Tag Group IDs (CUSTOMER_TAGS_GROUPS constant)

GroupIDtag_id Meaningcustom_value Meaning
VENDOR1vendor_idnull
CATEGORY2category_idnull
REGISTERED31 (registered) / 0 (guest)null
LAST.REFERRAL4Referrer channel ID (0 = none)null
TURNOVER50Total order value (decimal)
AVG.CART60Average cart value (decimal)
COUNTRY70Country alpha_2 code
COUNTY80County alpha code

Configuration

Registry Settings

GroupKeyDescription
ESHOPSANITIZE_INTERVALMonths after which guest accounts are sanitized (0 = disabled)

Application Constants

ConstantPathDescription
CUSTOMER_TAGS_GROUPSapplication/config/constants.phpMaps tag type names to group IDs
CUSTOMER_CAMPAIGN_TYPEapplication/config/constants.phpMaps campaign types: POINTS_REMAINING=1, BIRTHDAY=2

Job Options

JobOptionTypeRequiredDescription
AdvSanitizeGuestCustomers(none)----Interval from registry
AdvAddTagsToCustomers(none)----Uses yesterday as fromDate
AdvAddCustomersToAudience(none)----Processes all audiences
AdvAddCustomersToSpecificAudienceaudienceintYesAudience ID to evaluate

Client Extension Points

  • Job override: Create SanitizeGuestCustomers, AddTagsToCustomers, or AddCustomersToAudience in application/modules/job/libraries/ extending the Adv* base class.
  • Sanitize model override: Override Adv_sanitize_model in application/models/ to add custom sanitization targets (e.g., client-specific tables with PII).
  • Tag model override: Override AdvCustomerTagModel in application/modules/audience/models/ to add custom tag types or modify tag computation logic.
  • Invalid email domain: The sanitized email pattern uses config_item('order.invalid.email') which can be configured per client.
  • Tag groups: The CUSTOMER_TAGS_GROUPS constant can be extended with additional tag types if the tag model is overridden.

Business Rules

Sanitization (GDPR)

  1. Guest-only: Only guest accounts (is_guest=true) are targeted.

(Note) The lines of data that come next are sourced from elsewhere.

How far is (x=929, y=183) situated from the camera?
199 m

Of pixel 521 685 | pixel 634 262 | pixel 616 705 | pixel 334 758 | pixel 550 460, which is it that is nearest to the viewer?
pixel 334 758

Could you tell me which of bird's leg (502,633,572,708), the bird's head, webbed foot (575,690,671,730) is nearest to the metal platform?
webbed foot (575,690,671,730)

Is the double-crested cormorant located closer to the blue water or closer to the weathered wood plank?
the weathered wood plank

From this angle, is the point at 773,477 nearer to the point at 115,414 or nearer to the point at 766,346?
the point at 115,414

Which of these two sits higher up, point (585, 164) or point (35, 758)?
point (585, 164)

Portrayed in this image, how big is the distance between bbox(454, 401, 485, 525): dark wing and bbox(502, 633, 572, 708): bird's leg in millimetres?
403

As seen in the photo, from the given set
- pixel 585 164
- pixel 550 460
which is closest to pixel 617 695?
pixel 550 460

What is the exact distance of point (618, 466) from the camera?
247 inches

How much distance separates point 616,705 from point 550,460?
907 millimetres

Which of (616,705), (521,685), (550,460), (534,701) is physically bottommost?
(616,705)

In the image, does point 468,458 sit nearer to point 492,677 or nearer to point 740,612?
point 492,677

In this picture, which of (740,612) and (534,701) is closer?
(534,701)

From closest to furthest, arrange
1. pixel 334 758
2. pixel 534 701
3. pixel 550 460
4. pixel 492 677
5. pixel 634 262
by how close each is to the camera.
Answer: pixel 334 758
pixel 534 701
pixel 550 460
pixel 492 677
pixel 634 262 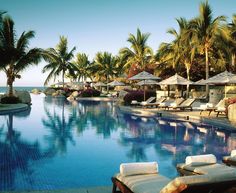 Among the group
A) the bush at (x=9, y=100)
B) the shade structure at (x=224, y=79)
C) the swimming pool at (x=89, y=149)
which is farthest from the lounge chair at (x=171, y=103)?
the bush at (x=9, y=100)

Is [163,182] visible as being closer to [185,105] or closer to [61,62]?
[185,105]

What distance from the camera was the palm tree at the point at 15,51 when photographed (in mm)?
23125

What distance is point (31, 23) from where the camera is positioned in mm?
24922

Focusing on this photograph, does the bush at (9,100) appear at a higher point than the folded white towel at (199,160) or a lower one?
higher

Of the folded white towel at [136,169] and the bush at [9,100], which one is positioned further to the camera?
the bush at [9,100]

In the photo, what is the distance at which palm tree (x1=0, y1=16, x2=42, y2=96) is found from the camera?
75.9ft

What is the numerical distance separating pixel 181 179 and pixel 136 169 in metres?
1.41

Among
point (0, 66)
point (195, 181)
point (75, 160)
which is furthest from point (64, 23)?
point (195, 181)

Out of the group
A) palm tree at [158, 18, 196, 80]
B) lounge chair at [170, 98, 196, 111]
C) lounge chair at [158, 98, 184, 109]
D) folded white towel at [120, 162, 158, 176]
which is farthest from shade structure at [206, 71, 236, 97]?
folded white towel at [120, 162, 158, 176]

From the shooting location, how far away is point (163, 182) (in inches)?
156

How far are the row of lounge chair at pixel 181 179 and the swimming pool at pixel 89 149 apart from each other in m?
1.72

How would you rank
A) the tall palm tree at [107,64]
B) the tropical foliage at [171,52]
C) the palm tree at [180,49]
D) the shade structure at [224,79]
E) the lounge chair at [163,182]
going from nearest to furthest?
the lounge chair at [163,182] < the shade structure at [224,79] < the tropical foliage at [171,52] < the palm tree at [180,49] < the tall palm tree at [107,64]

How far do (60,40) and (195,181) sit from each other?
148 ft

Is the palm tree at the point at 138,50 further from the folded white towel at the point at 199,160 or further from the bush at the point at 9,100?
the folded white towel at the point at 199,160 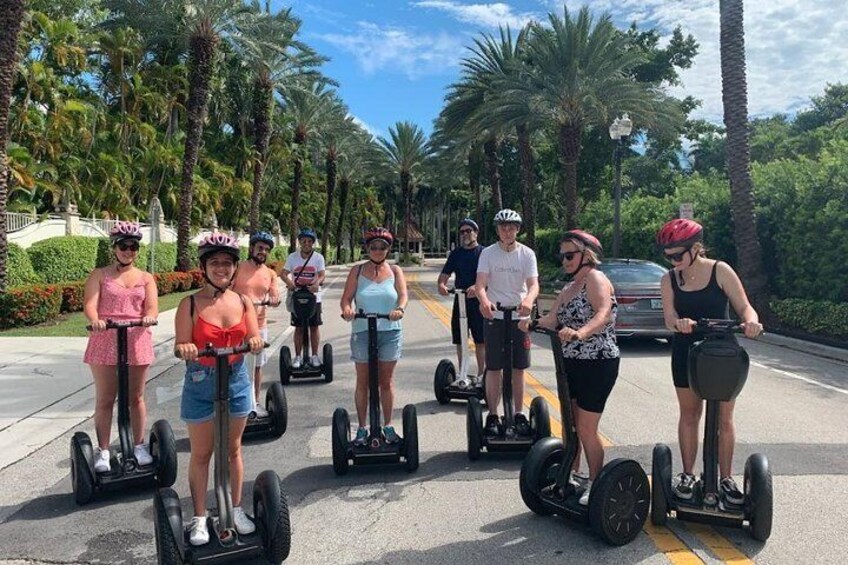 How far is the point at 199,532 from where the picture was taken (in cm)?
355

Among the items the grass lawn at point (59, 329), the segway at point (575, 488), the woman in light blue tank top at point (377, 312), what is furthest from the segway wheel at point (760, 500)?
the grass lawn at point (59, 329)

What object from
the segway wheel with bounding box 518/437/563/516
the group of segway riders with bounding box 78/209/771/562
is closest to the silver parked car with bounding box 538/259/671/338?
the group of segway riders with bounding box 78/209/771/562

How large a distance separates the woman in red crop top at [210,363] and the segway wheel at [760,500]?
2.84 metres

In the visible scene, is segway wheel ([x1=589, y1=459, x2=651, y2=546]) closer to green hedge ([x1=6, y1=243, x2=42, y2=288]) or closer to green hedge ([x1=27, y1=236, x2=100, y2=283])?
green hedge ([x1=6, y1=243, x2=42, y2=288])

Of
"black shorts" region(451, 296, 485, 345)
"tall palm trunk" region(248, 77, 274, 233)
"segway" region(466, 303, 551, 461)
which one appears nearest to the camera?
"segway" region(466, 303, 551, 461)

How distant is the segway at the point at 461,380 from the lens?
24.0 feet

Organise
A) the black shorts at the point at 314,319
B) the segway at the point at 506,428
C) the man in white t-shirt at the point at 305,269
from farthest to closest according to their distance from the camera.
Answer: the black shorts at the point at 314,319
the man in white t-shirt at the point at 305,269
the segway at the point at 506,428

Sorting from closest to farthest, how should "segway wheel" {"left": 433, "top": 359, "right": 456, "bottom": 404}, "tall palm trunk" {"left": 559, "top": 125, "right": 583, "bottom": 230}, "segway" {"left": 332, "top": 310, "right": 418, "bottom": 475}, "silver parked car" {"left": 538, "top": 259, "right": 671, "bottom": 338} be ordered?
"segway" {"left": 332, "top": 310, "right": 418, "bottom": 475}
"segway wheel" {"left": 433, "top": 359, "right": 456, "bottom": 404}
"silver parked car" {"left": 538, "top": 259, "right": 671, "bottom": 338}
"tall palm trunk" {"left": 559, "top": 125, "right": 583, "bottom": 230}

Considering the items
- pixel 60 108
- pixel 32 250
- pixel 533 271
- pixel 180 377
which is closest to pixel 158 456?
pixel 533 271

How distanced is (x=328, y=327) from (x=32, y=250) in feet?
29.9

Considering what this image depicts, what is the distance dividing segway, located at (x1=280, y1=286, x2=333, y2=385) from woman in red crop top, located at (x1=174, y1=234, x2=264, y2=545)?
4622 mm

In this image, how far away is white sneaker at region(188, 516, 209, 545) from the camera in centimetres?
352

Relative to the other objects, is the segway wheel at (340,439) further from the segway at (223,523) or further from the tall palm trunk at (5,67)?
the tall palm trunk at (5,67)

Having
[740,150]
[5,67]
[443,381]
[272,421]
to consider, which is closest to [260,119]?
[5,67] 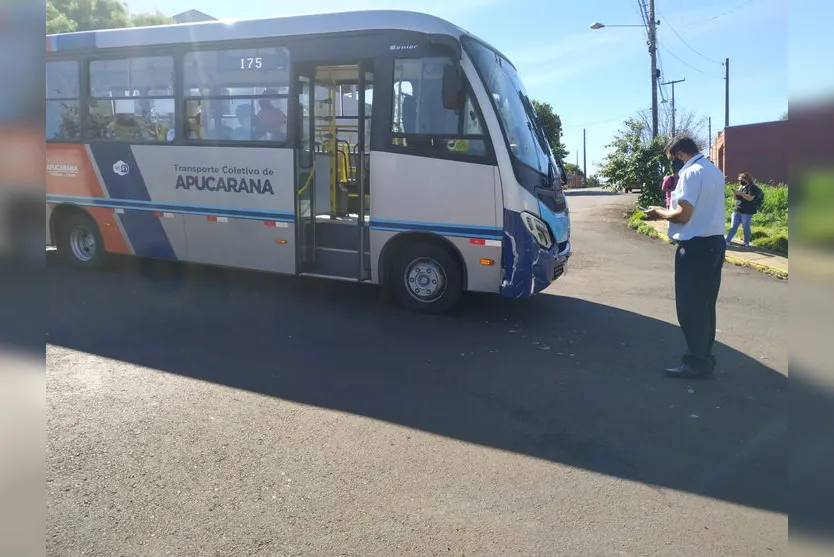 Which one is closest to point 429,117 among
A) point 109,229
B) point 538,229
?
point 538,229

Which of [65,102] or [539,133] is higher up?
[65,102]

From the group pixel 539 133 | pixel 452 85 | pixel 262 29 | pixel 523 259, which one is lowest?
pixel 523 259

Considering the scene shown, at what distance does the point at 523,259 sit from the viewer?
22.5 ft

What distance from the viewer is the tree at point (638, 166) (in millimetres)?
21062

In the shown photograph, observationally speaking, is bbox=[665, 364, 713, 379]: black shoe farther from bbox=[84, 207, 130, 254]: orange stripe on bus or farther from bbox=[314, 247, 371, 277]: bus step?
bbox=[84, 207, 130, 254]: orange stripe on bus

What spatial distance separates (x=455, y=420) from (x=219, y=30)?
20.6 ft

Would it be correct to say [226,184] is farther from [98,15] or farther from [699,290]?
[98,15]

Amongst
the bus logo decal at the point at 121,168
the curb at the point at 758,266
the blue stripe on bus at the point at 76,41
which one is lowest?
the curb at the point at 758,266

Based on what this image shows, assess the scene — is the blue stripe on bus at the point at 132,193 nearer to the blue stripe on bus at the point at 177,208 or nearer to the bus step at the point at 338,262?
the blue stripe on bus at the point at 177,208

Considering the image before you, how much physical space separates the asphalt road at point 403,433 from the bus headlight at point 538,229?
101cm

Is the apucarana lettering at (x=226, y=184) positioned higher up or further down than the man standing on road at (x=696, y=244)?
higher up

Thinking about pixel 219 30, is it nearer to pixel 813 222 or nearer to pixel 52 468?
pixel 52 468

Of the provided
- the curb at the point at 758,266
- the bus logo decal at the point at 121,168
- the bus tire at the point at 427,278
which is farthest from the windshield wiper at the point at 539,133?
the bus logo decal at the point at 121,168

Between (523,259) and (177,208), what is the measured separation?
500cm
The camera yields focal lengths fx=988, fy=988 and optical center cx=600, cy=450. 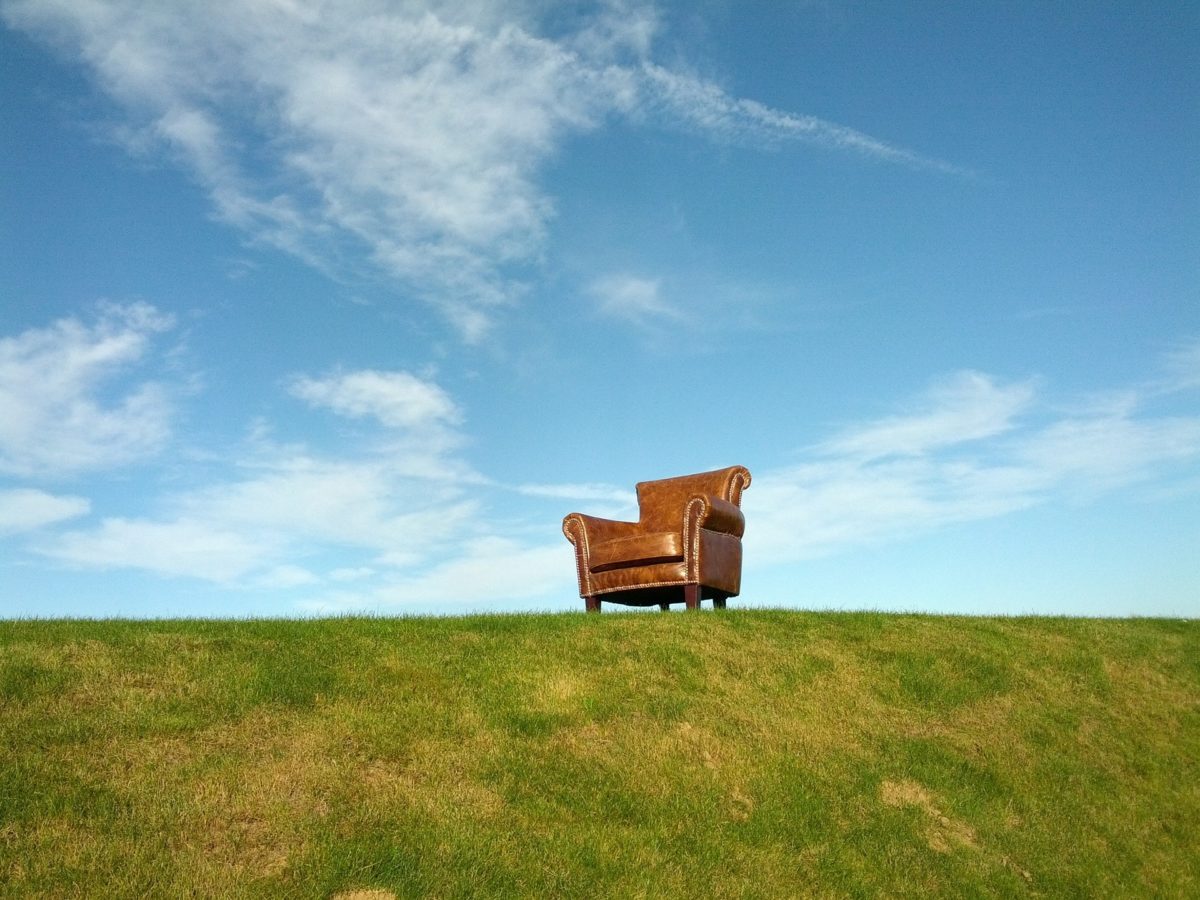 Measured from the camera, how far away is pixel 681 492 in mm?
13906

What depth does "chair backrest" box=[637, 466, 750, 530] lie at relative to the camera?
13586 mm

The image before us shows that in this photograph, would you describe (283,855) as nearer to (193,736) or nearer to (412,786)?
(412,786)

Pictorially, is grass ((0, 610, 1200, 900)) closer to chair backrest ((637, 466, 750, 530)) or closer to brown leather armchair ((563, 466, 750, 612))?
brown leather armchair ((563, 466, 750, 612))

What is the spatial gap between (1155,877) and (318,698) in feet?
23.9

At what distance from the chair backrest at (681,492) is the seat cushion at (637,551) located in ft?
2.12

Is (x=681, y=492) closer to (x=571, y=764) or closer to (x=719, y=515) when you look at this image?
(x=719, y=515)

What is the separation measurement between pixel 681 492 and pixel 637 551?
1.53 metres

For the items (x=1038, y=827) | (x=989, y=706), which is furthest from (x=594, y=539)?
(x=1038, y=827)

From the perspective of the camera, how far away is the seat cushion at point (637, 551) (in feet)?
41.3

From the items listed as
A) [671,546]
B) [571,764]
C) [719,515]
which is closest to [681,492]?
[719,515]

Registered customers are never auto-sanitized.
  2. Interval-based: The SANITIZE_INTERVAL registry value controls the grace period in months. Setting it to 0 disables sanitization.
  3. UUID replacement: PII fields are replaced with random v4 UUIDs, not deleted, to preserve referential integrity.
  4. Conditional replacement: Fields are only replaced if they had a non-empty value originally. Empty fields remain empty.
  5. Cascade order: Customer data is sanitized first (collecting original emails), then orders, wishlists, tags, reviews (using collected emails), and waiting lists.
  6. Irreversible: Once is_sanitized=1 is set, the customer is permanently excluded from future tag generation and email campaigns.

Tag Generation

  1. Daily execution: Tags are typically regenerated daily, processing only the previous day's data for incremental tags.
  2. Non-guest, non-sanitized only: All tag queries filter out guests and sanitized customers.
  3. Fulfilled orders: Turnover and Avg Cart tags only consider orders with status SENT, PAID_SENT, or INVOICED.
  4. Gift exclusion: Category and Vendor tags exclude gift items (gift_id IS NULL) from order baskets.
  5. Last Referral replace: Unlike other incremental tags, Last Referral deletes existing records before inserting (in 1000-record chunks to avoid large DELETE queries).

Audience Orchestration

  1. Staggered execution: Sub-jobs are spaced 5 minutes apart to avoid overwhelming the database with concurrent criteria evaluations.
  2. Queue isolation: Audience jobs use the personalization queue, separate from other job queues.
  3. Single retry: Each audience sub-job allows one retry on failure.